» **Assignment**: Check every line of the data below for the string "Black", and copy the ones that hold it.

Caption-style text data
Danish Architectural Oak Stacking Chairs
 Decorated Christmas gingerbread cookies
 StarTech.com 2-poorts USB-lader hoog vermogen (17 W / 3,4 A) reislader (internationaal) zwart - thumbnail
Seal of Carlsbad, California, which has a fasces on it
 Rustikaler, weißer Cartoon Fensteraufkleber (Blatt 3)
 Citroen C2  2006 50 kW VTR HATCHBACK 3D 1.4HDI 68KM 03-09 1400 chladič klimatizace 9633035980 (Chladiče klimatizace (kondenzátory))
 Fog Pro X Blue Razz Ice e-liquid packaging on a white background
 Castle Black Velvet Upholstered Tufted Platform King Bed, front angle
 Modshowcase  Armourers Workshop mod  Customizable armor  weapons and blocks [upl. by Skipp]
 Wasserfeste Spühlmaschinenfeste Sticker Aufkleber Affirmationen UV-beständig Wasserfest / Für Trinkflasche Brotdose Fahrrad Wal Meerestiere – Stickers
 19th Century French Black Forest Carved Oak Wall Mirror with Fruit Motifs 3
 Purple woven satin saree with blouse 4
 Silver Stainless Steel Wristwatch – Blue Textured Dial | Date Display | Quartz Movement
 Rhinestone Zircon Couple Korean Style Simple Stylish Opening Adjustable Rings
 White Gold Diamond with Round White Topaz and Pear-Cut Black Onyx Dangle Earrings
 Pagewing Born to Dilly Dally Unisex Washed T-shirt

» **Solution below**:
 Castle Black Velvet Upholstered Tufted Platform King Bed, front angle
 19th Century French Black Forest Carved Oak Wall Mirror with Fruit Motifs 3
 White Gold Diamond with Round White Topaz and Pear-Cut Black Onyx Dangle Earrings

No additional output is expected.